▸ What you are asked to do: Write the data out in full and word for word. Do not include images.

++++++++++++++++++++

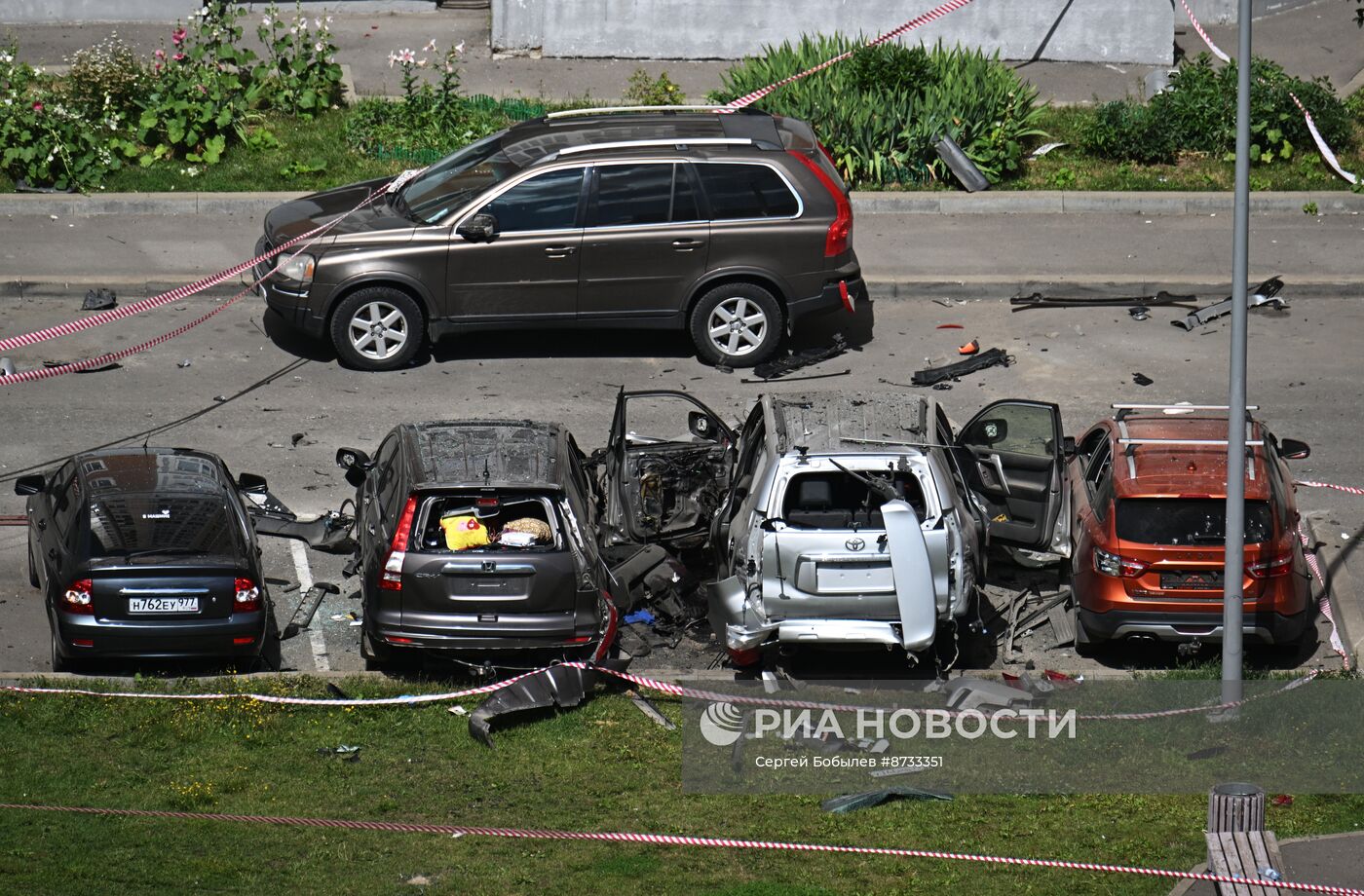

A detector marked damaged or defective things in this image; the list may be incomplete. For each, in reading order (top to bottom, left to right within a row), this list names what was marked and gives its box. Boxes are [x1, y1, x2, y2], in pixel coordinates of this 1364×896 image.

destroyed honda cr-v [339, 423, 620, 670]
torn car roof [399, 421, 565, 491]
destroyed honda cr-v [600, 392, 1068, 666]
torn car roof [772, 392, 931, 456]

++++++++++++++++++++

▸ Result of the exercise:
A detector marked damaged or defective things in this image; the list may be incomplete. For each, in reading order (top to bottom, left to right within a row), this list names what was marked and gives its box. Boxes are [x1, y1, x2, y2], in pixel coordinates of this 1364×896 image.

destroyed honda cr-v [339, 423, 620, 670]
torn car roof [399, 421, 565, 491]
destroyed honda cr-v [600, 392, 1068, 666]
torn car roof [772, 392, 931, 456]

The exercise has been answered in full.